(TASK ITEM): Since pictures are not part of the copy, please output only the lines from the one with "Peugeot 3008 BlueHDi" through the end of the data below, exactly as written.

(DATA SEGMENT):
▼▼▼
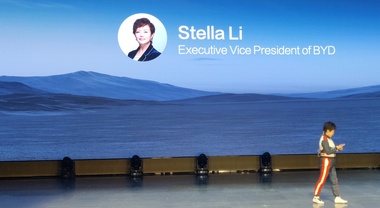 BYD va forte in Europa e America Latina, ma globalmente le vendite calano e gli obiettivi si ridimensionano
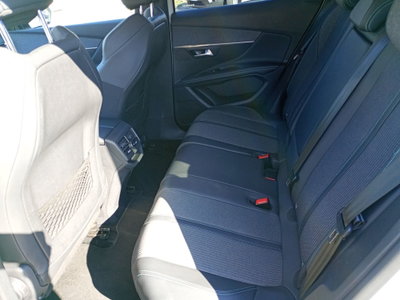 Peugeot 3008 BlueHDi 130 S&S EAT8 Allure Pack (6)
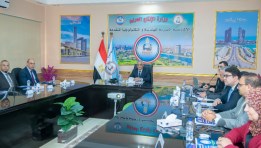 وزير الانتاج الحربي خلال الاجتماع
▲▲▲
(ANSWER TO THE EXERCISE):
 Peugeot 3008 BlueHDi 130 S&S EAT8 Allure Pack (6)
 وزير الانتاج الحربي خلال الاجتماع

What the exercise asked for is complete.